# DATA IN THIS EXERCISE
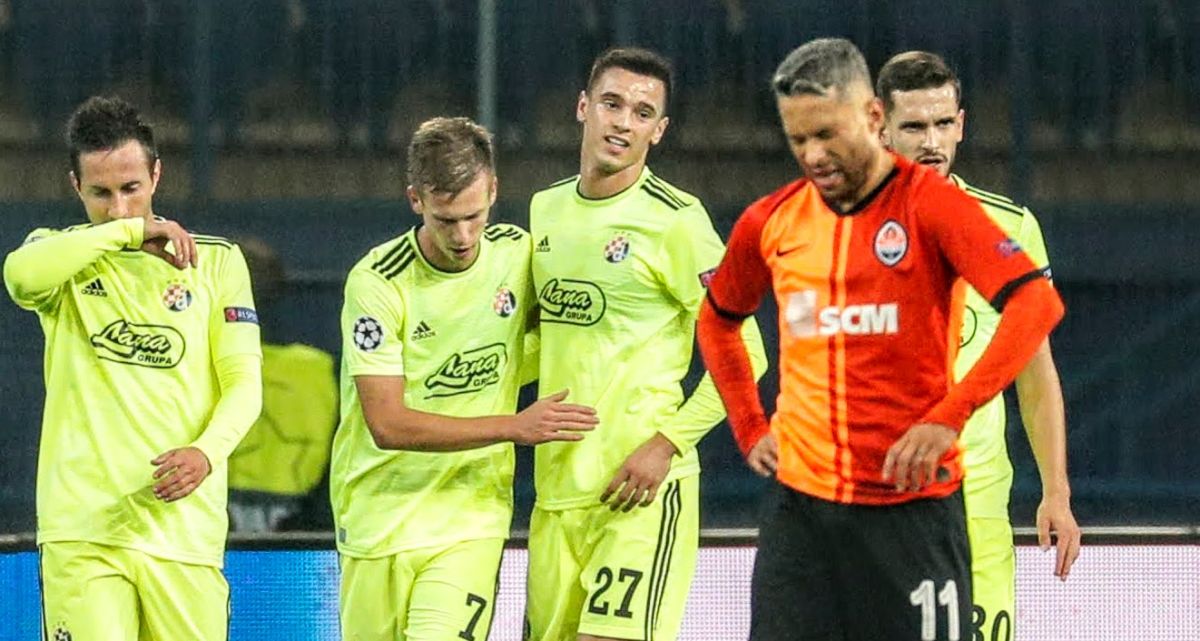 Ukrajinski mediji: Šahtar se nije znao nositi s Dinamom
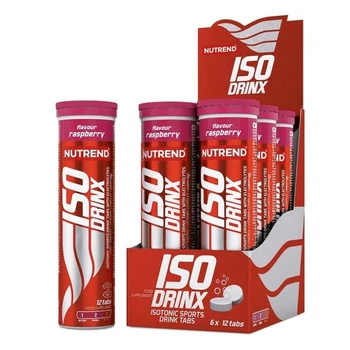 Ізотонік Nutrend Isodrinx 12 таб Малина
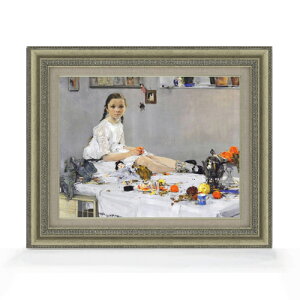 yG MdグztF[V Portrait of Varya Adoratskaya F6 yzz G ̔ 6  l 558×467mm   v[g Mtg JXj JƏj ސEj Vzj rO 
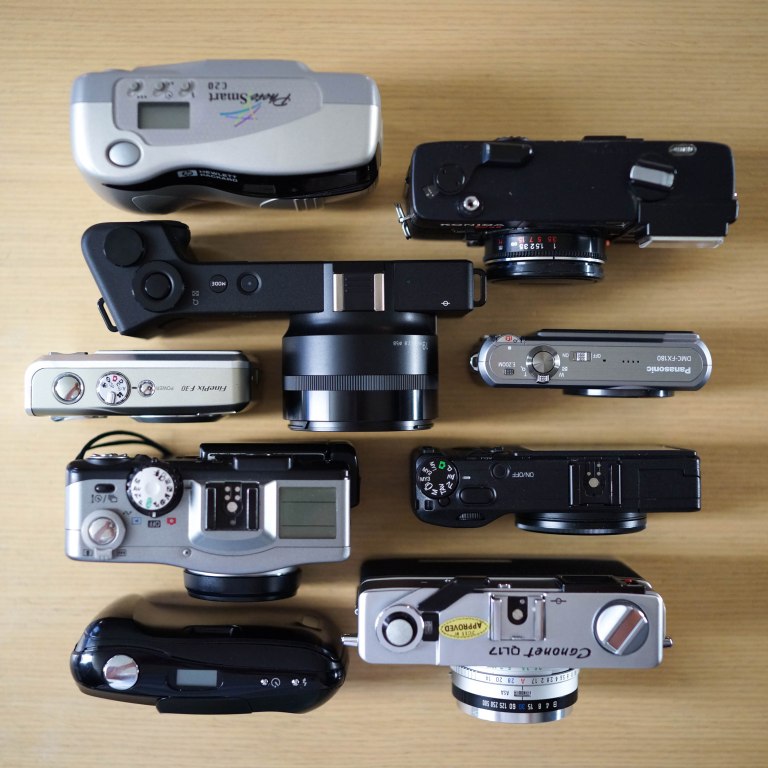 Sitting next to its stablemates it certainly stands out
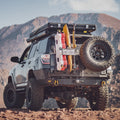 C4 4Runner Overland Series Rear Bumper / 5th Gen / 2010+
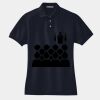 Ladies Heavyweight Cotton Pique Polo Thumbnail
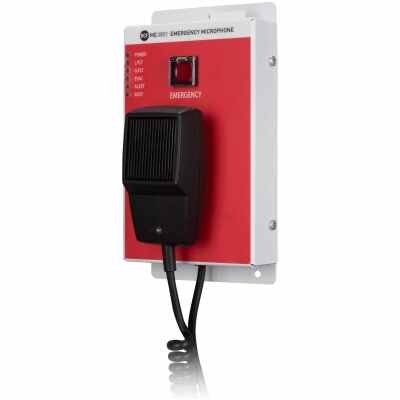 RCF ME 3801 Wall-mount Emergency Microphone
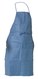 A Picture of product 974-962 Kimberly-Clark Kleenguard™ Breathable Protective Aprons. Universal Size. 28 X 40 in. Blue. 10 aprons/package.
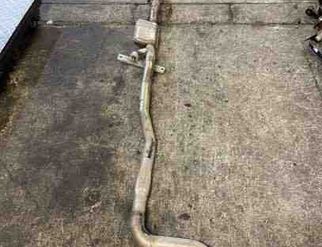 MERCEDES-BENZ GLA-Class H247 (2019-2024) Глушитель A2474913900,A1774903902,A2474906202 22184092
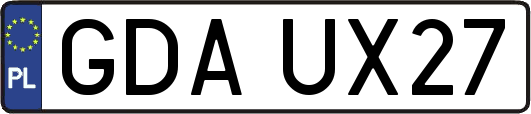 GDAUX27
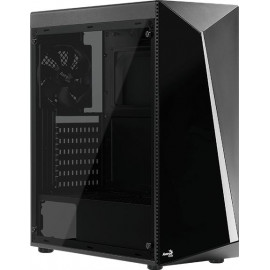 Корпус Aerocool Shard A-BK-v черный без БП ATX 7x120mm 2xUSB2.0 1xUSB3.0 audio bott PSU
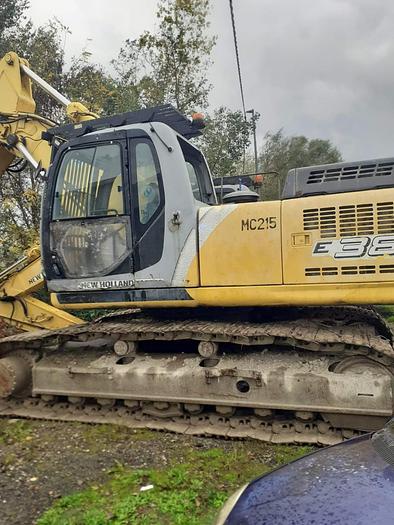 Usato 2007 New Holland E385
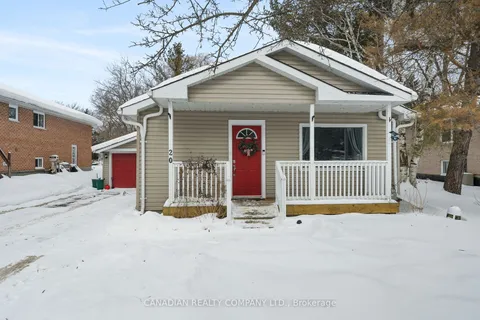 20 Wasslow Ave, Georgina, ON L0E 1N0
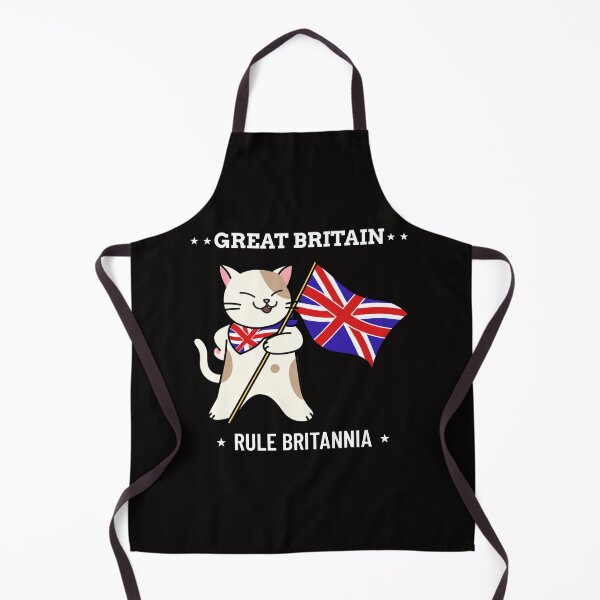 Item preview, Great Britain Rule Britannia Cat designed and sold by BeardedTree.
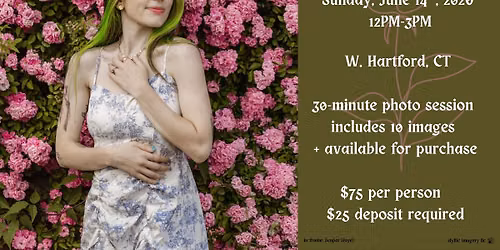Rose Garden Mini Sessions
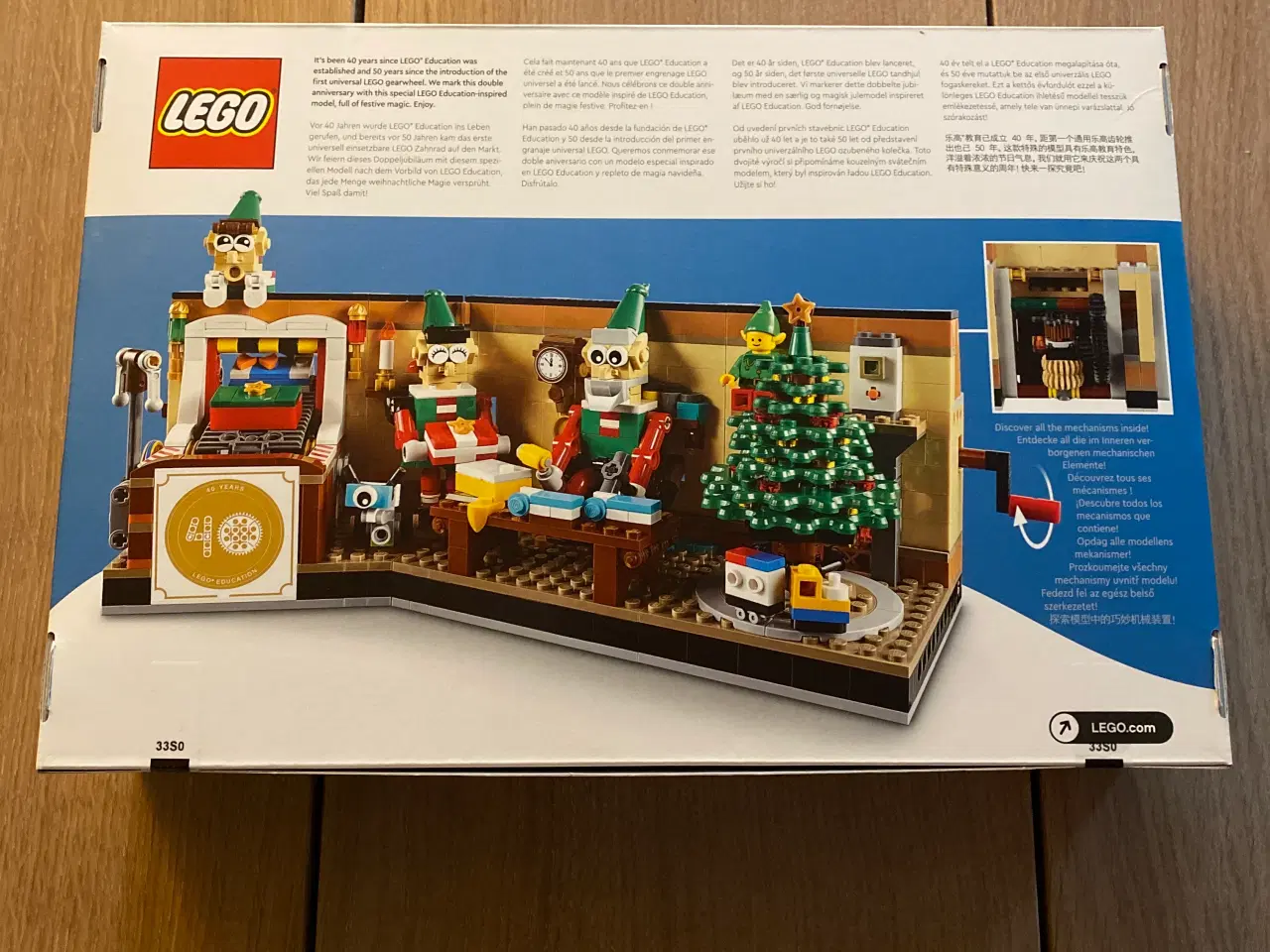 Billede 1 - Lego jule æske 4002020 sælges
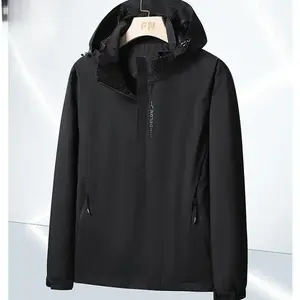 Spring New Outdoor Thin Jacket for Men and Women, Windproof and Waterproof Coat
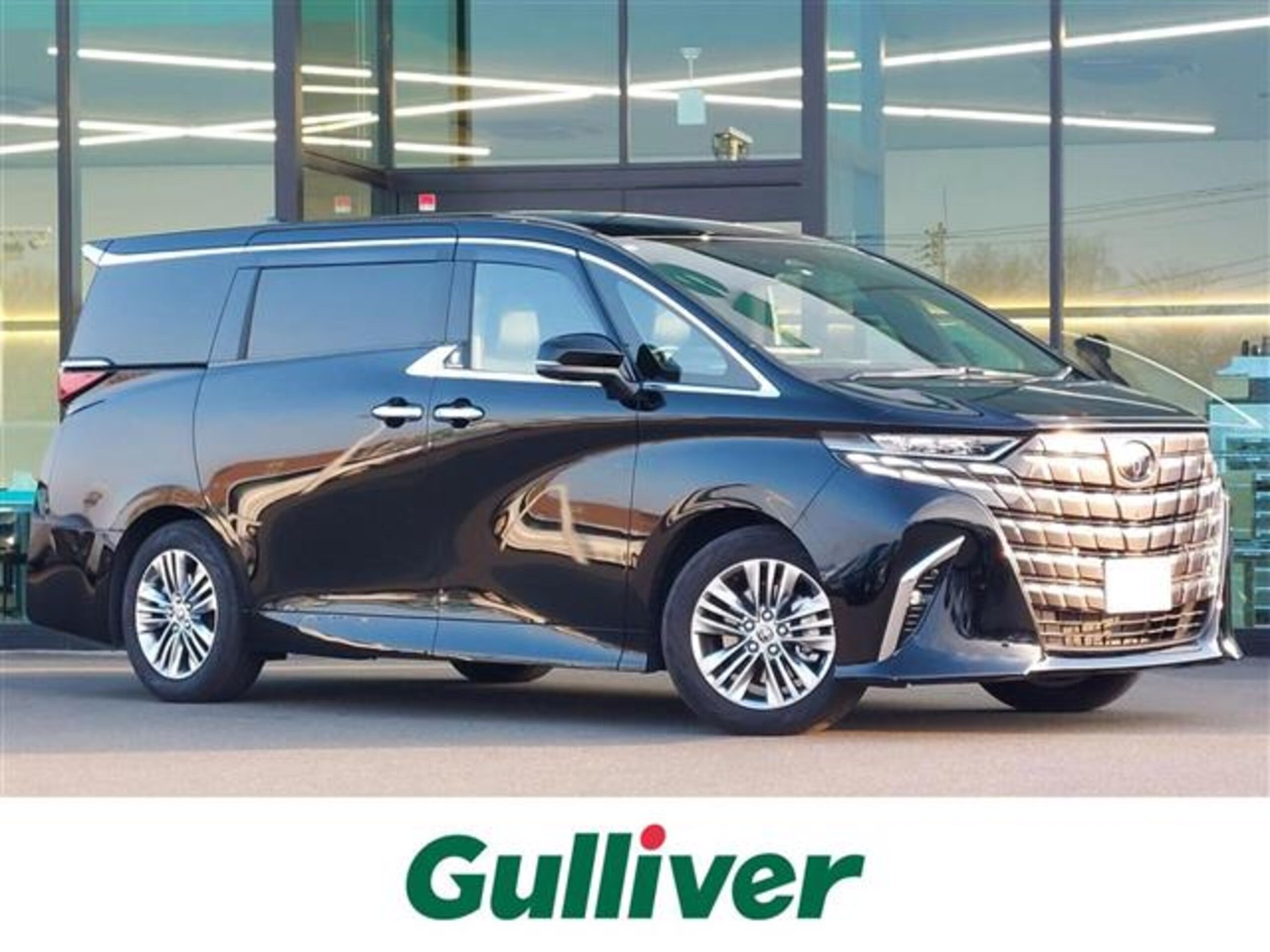 TOYOTA ALPHARD - View 1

# EXERCISE PROMPT
Transcribe exactly the lines from the one containing "Sitting next to" through the last line of the records above, and nothing else. Leave out the pictures.

# RESPONSE TO THIS EXERCISE
 Sitting next to its stablemates it certainly stands out
 C4 4Runner Overland Series Rear Bumper / 5th Gen / 2010+
 Ladies Heavyweight Cotton Pique Polo Thumbnail
 RCF ME 3801 Wall-mount Emergency Microphone
 A Picture of product 974-962 Kimberly-Clark Kleenguard™ Breathable Protective Aprons. Universal Size. 28 X 40 in. Blue. 10 aprons/package.
 MERCEDES-BENZ GLA-Class H247 (2019-2024) Глушитель A2474913900,A1774903902,A2474906202 22184092
 GDAUX27
 Корпус Aerocool Shard A-BK-v черный без БП ATX 7x120mm 2xUSB2.0 1xUSB3.0 audio bott PSU
 Usato 2007 New Holland E385
 20 Wasslow Ave, Georgina, ON L0E 1N0
 Item preview, Great Britain Rule Britannia Cat designed and sold by BeardedTree.
Rose Garden Mini Sessions
 Billede 1 - Lego jule æske 4002020 sælges
 Spring New Outdoor Thin Jacket for Men and Women, Windproof and Waterproof Coat
 TOYOTA ALPHARD - View 1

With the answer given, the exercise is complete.